Libations and the Use of Mycenaean Conical Rhyta in Ritual Practice in the Late Cypriot IIA-IIIA Periods
Alexandra Markou Στο R. Maguire & J. Chick (eds) 2016. Approaching Cyprus. Proceedings of the Post-Graduate Conference of Cypriot Archaeology (PoCA) held at the University of East Anglia, Norwich, 1st-3rd November 2013, Newcastle upon Tyne: 22-39.
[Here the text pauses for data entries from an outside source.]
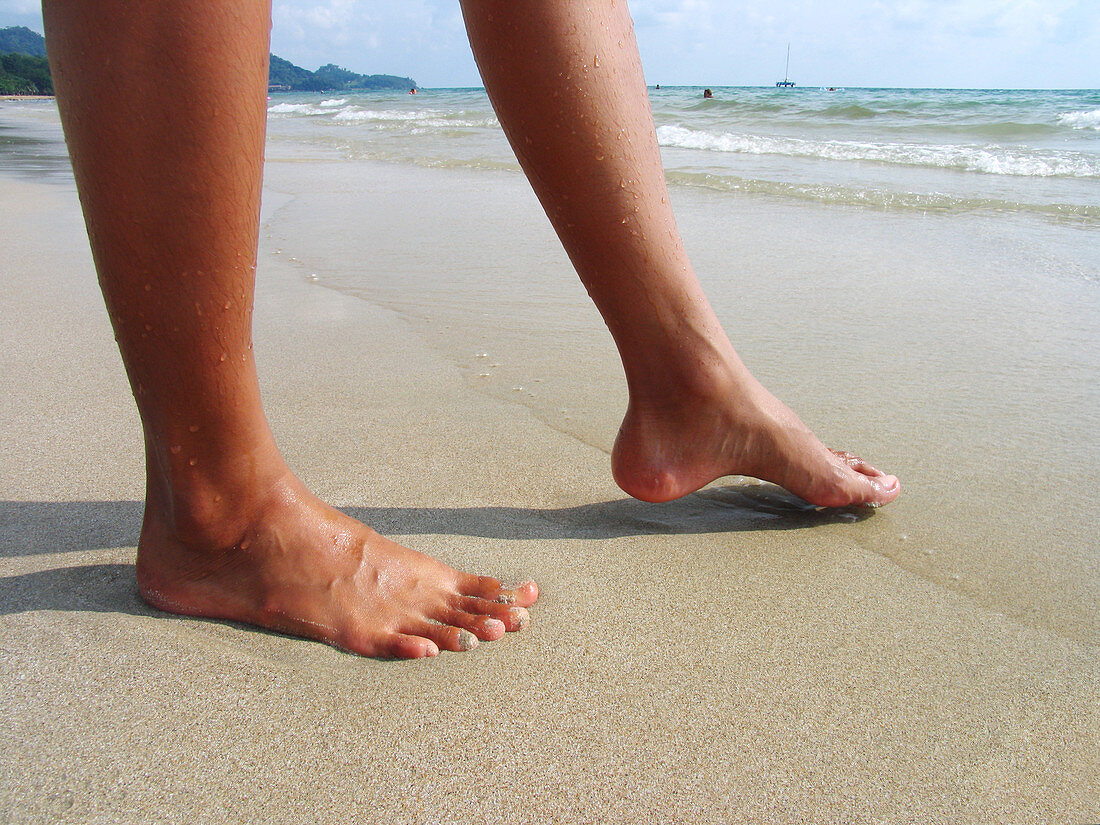 Woman dipping her toe in the sea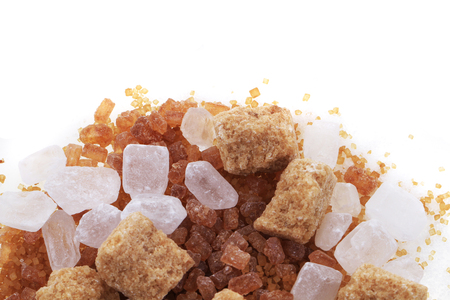 brown and white sugar isolated on white backgroundの写真素材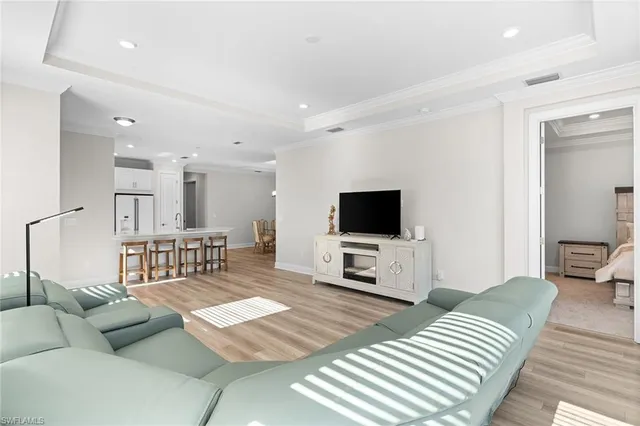 a bedroom with furniture and a flat screen tv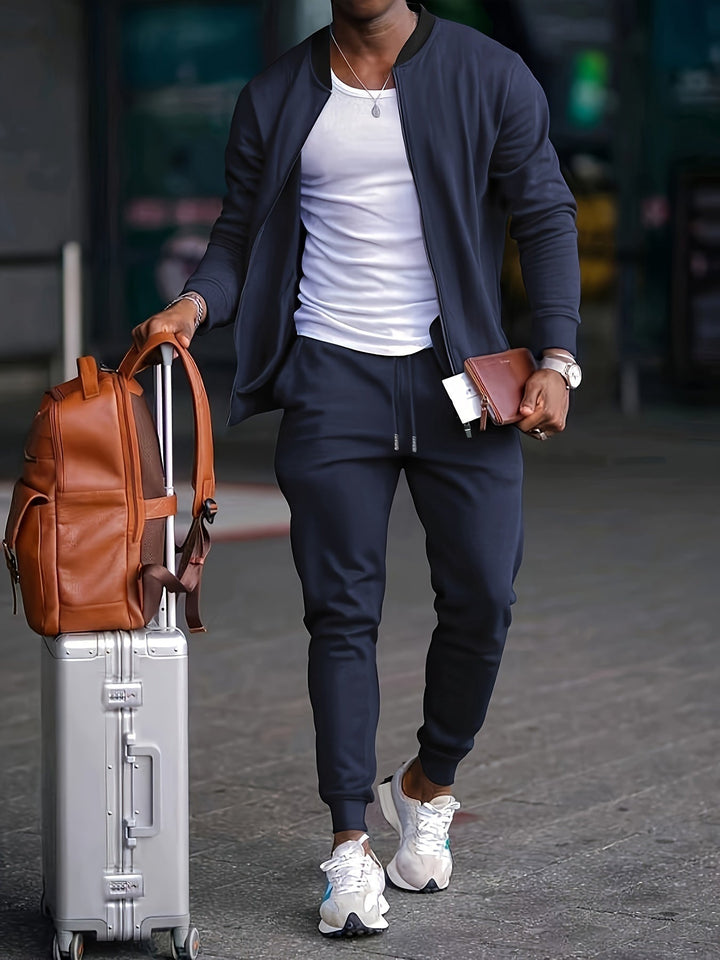 Homem veste conjunto de treino jogger cinza com jaqueta zip, ideal para exercícios e uso casual masculino.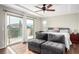 Main bedroom featuring a private balcony, tray ceiling, and ceiling fan at , Las Vegas, NV 89166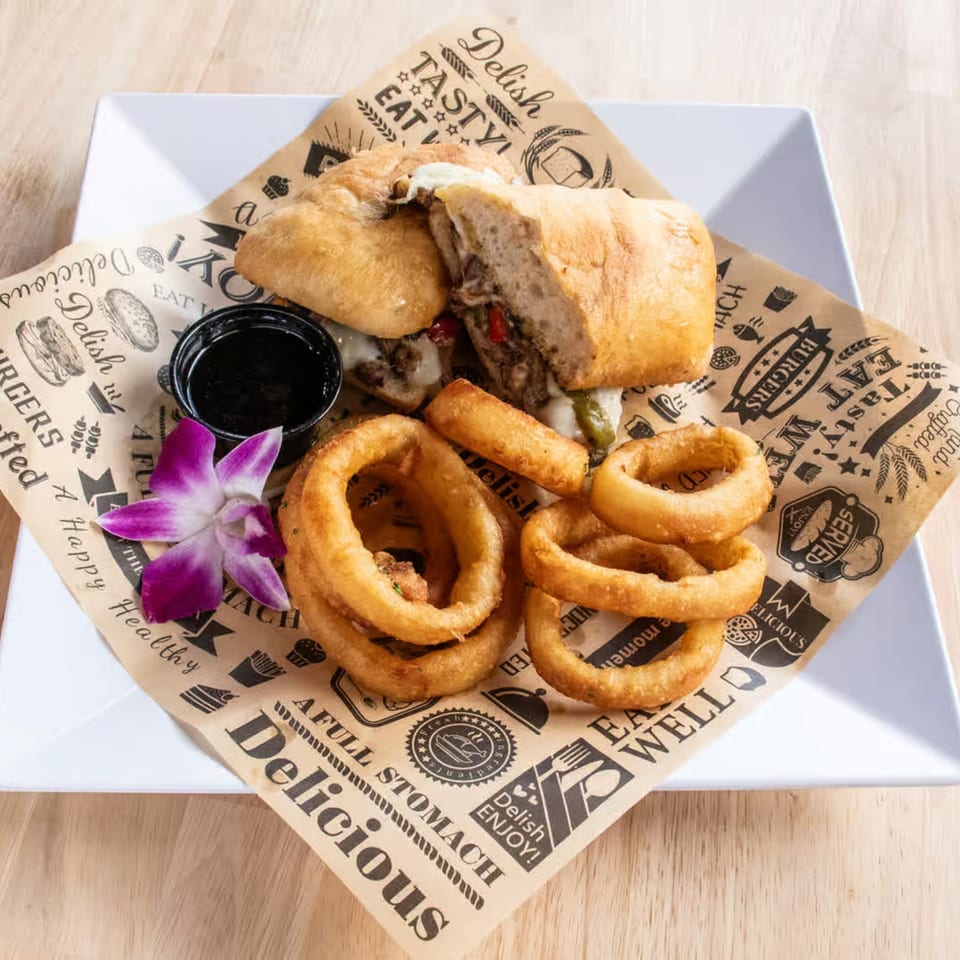 A Maggy's House steak and cheese sub with onion rings and a purple orchid on a white plate.
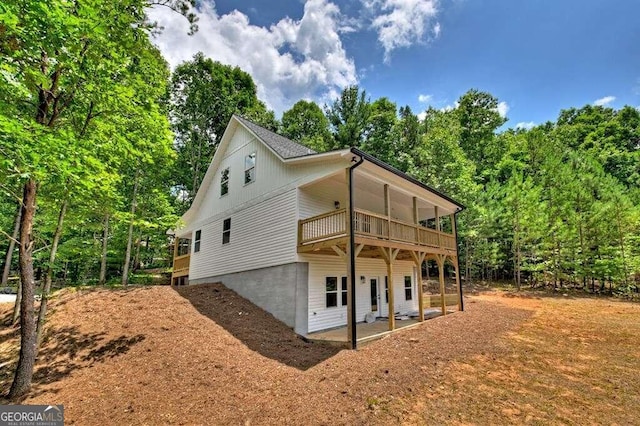 view of side of home featuring a patio area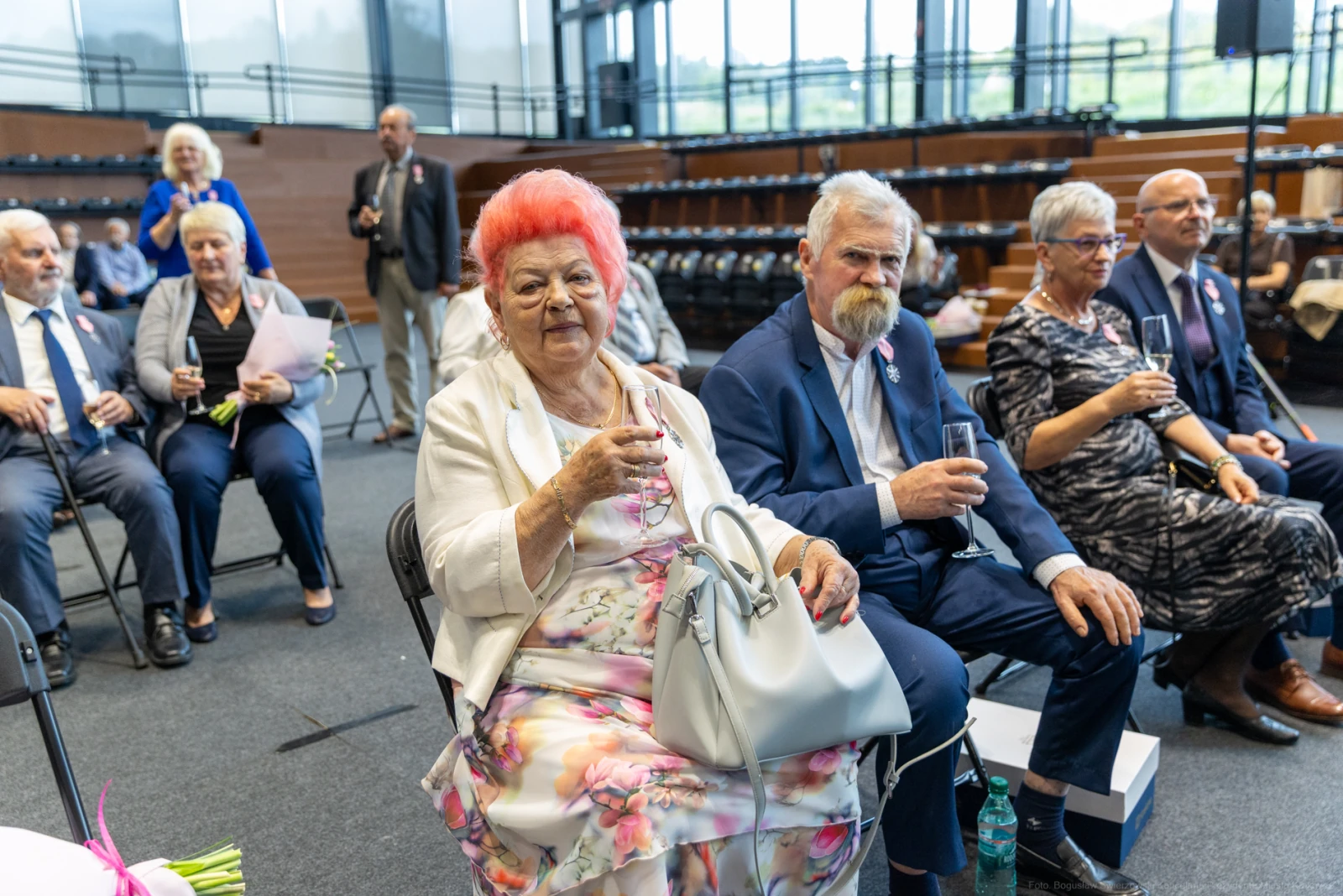 Grupa osób w eleganckich strojach, część z kieliszkami, siedzi w sali.  Autor: Bogusław Świerzowski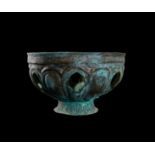 A GREEK PIERCED BRONZE FOOTED BASIN, CIRCA 5TH CENTURY OR LATER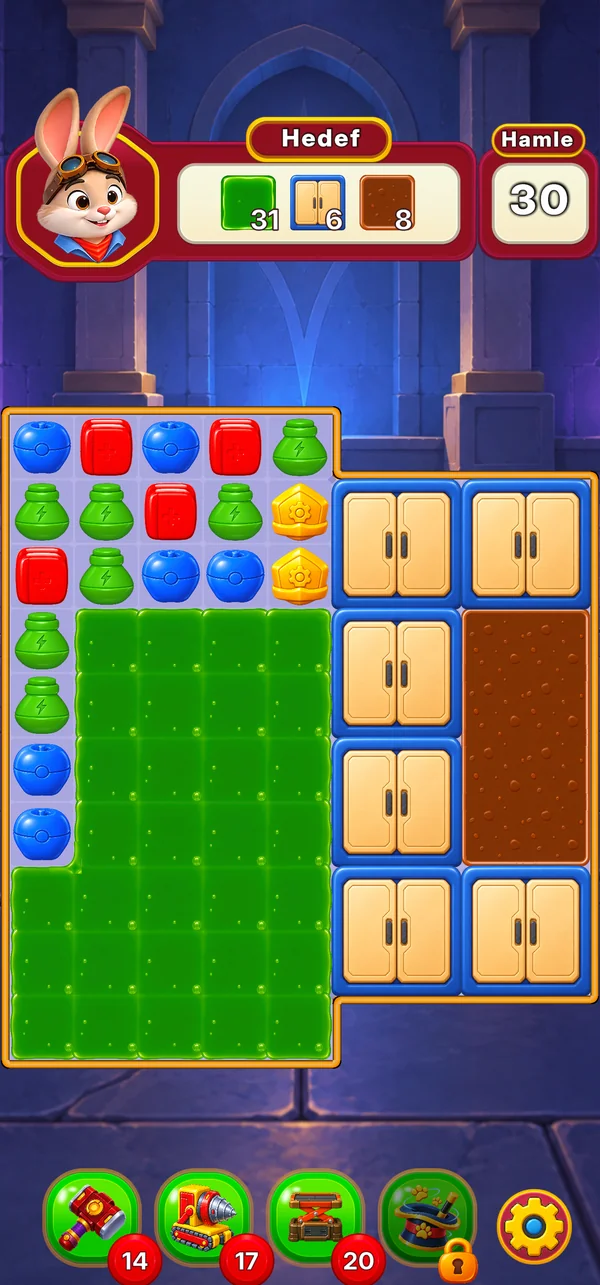 A grass field beside blue cabinets and a patch of mud in a blue stone hall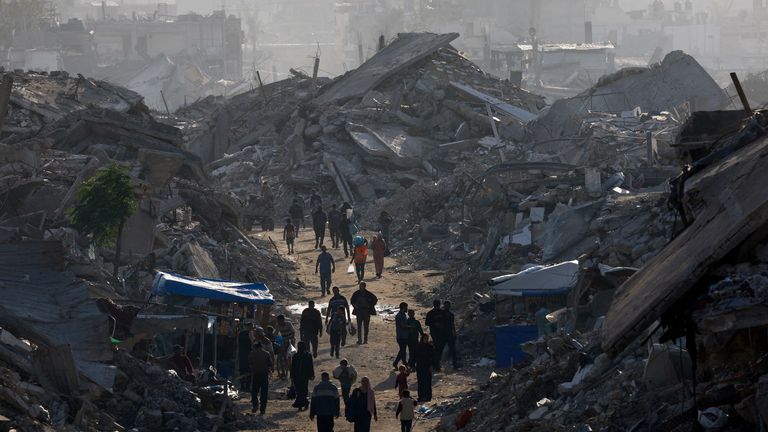 Palestijnen lopen tussen stapels puin, te midden van een staakt-het-vuren tussen Israël en Hamas, in de noordelijke Gazastrook. Afbeelding: Reuters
The end of the Late Bronze Age in Cyprus is a time of multiple social and economic transformations. This period is often characterized by substantial culture contact due to developments in seafaring as well as intensification of the copper industry, significant trade with the Aegean, and a reworking of ritual spaces. It is well established that at this point in Cypriot history, the island was subject to influences from the Aegean and the Levant. One area of research, which has been less examined, is how this amalgam of people, ideas, and contact between Cyprus and the Aegean impacted the ritual sphere and cult practices of Late Cypriot (LC) society. The study of ritual is often overlooked in archaeological studies that attempt to map out cultural exchanges and identity, specifically in the prehistoric record. The main issue arises from the fact that material culture, such as pottery and architecture, is generally used as the sole marker of these transmissions between cultures. However, piecing together past rituals is also a way to examine how societies functioned, how individuals viewed themselves, how they self-identified both on a small scale and within the larger group, as well as what they deemed socially important.